--- The data Enclosed Below ---
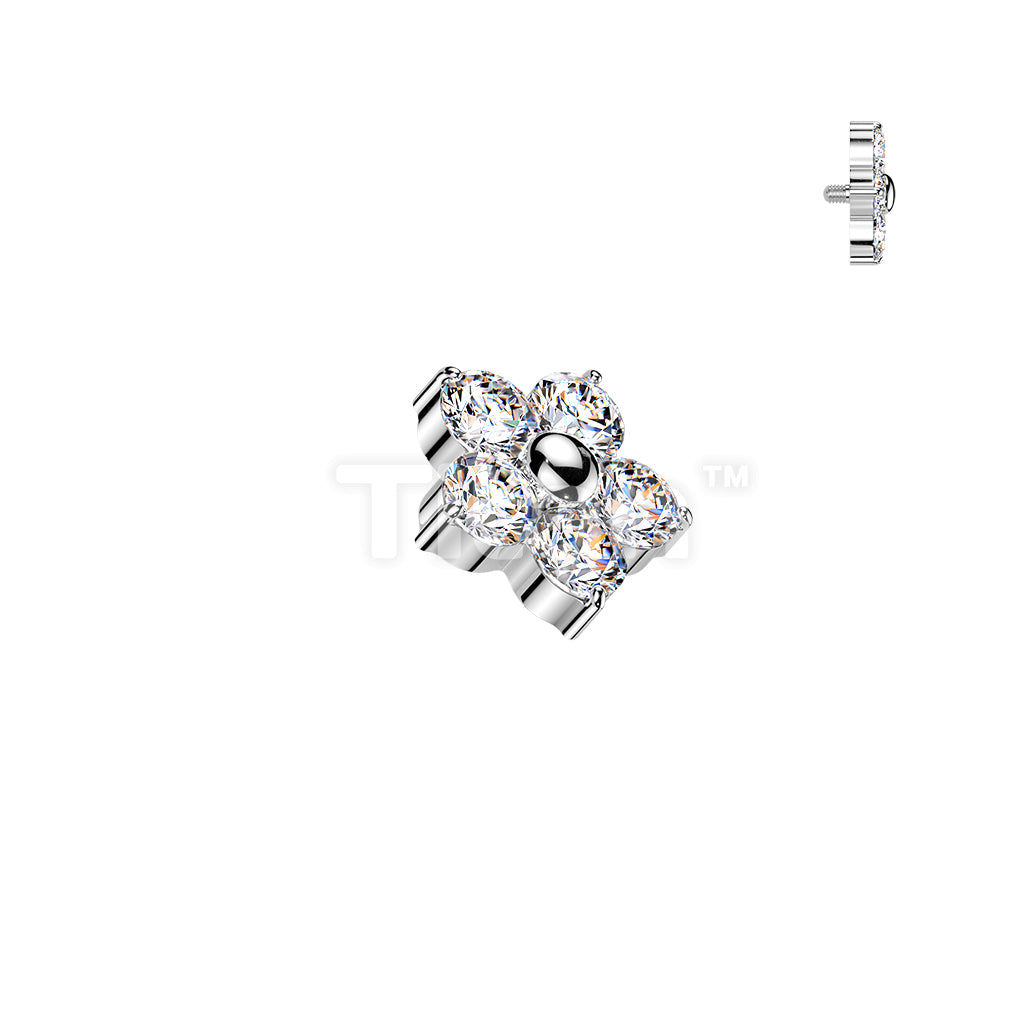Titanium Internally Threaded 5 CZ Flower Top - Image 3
--- End of Enclosed The data ---
--- The data Enclosed Below ---
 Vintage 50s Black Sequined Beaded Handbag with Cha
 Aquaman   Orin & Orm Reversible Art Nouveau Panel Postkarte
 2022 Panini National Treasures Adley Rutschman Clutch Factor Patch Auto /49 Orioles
--- End of Enclosed The data ---
_What you need to do_
Transcribe the records above from the line holding "Vintage 50s Black" down to the line holding "2022 Panini National", inclusive, without adding anything.

_Finished exercise_
 Vintage 50s Black Sequined Beaded Handbag with Cha
 Aquaman   Orin & Orm Reversible Art Nouveau Panel Postkarte
 2022 Panini National Treasures Adley Rutschman Clutch Factor Patch Auto /49 Orioles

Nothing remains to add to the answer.